Violent protests in DRC kill at least 17; opposition offices burned

violent-protests-in-drc-kill-at-least-17-opposition-offices-burned.  KINSHASA, Democratic Republic of Congo, The Democratic Republic of Congo’s capital of Kinshasa is seeing violent political protests in which at least 17 people died and opposition party headquarters have been burned.

Democratic Republic of the Congo President Joseph Kabila, seen here addressing the United Nations in New York City, is banned from running for president after his current term ends this year. The opposition in the African country fears Kabila will postpone elections in order to cling to power, which has generated deadly protests. File Photo by John Angelillo/UPI | License Photo

Police and protesters clashed on Monday in Kinshasa. The opposition said over 50 people died but the government said at least 17 were killed, adding the death toll could rise further.

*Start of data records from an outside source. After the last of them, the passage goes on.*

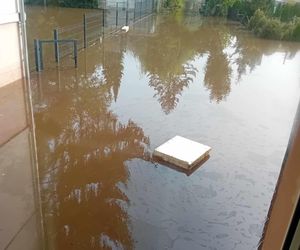 Bydgoskie szkoły pomagają uczniom i nauczycielom ze zniszczonej w powodzi placówki we Wleniu. Każdy może się przyłączyć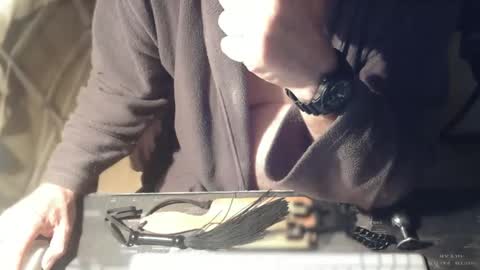 amslave4f online show from 09.10.25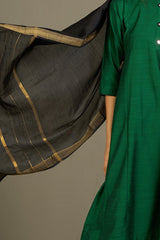 handwoven maheshwari dupatta - black & gold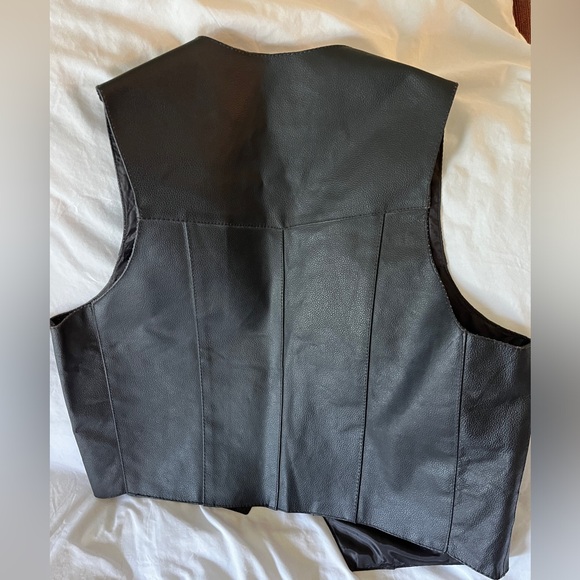 NWOT Large Men’s Leather Vest - perfect condition, STURGIS is coming… - Picture 2 of 9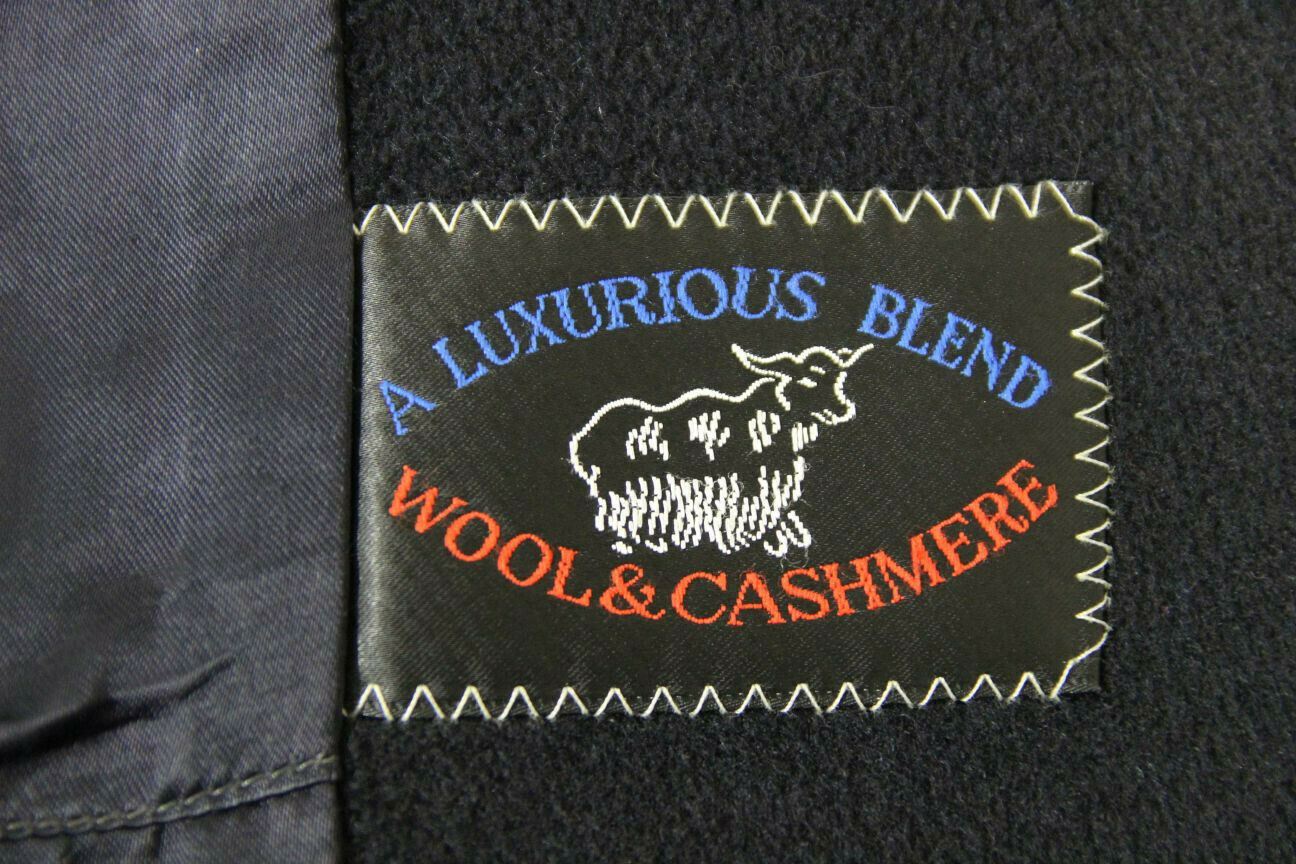 VINTAGE 1980's HAMMERSLEY BRITISH MADE NAVY BLUE WOOL & CASHMERE COAT 40 INCH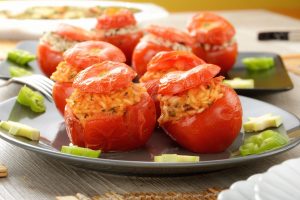 Pomodori ripieni di riso, un primo piatto facile da preparare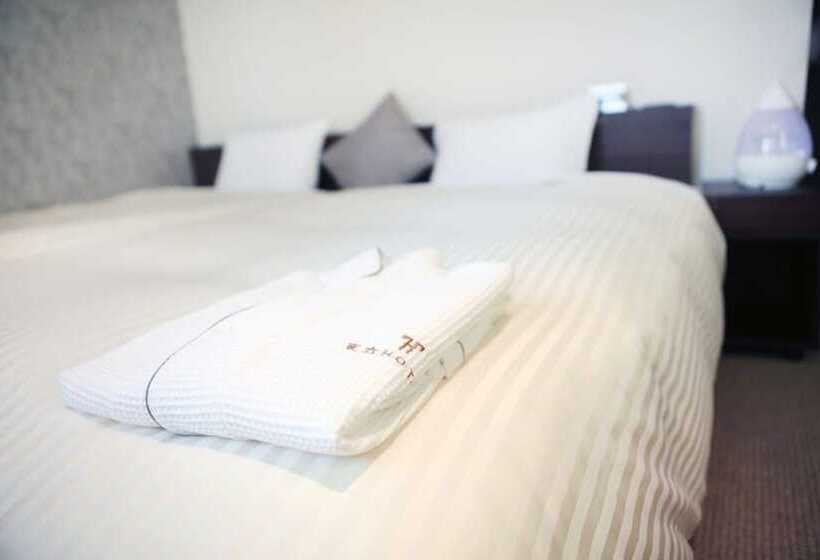 Номер Премиум, Toho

Interior Minister Evariste Boshab said three police officers were burned alive. Witnesses said police fired live ammunition into a crowd of protesters after they threw stones.

The headquarters of three opposition parties were torched overnight and at least two charred bodies have been found. The opposition is demanding President Joseph Kabila step down from his post by December.

Kabila took power in 2001 after his father, Laurent Kabila, was assassinated. The DRC’s constitution bans Kabila from running again. The African country has scheduled elections in November, but opposition groups fear Kabila will postpone the poll in order to remain in power.

The country’s electoral commission was to announce a date for presidential elections on Monday but said it would not be able to hold the poll in November.

The opposition coalition, made up of the Innovative Forces for Union and Solidarity, Lumumbist Progressive Movement and the Union for Democracy and Social Progress parties, have rejected a government order banning protests.

The opposition coalition called on its supporters to protest again on Tuesday despite the ban. Most opposition parties have boycotted a government-backed effort to find a solution to the political crisis.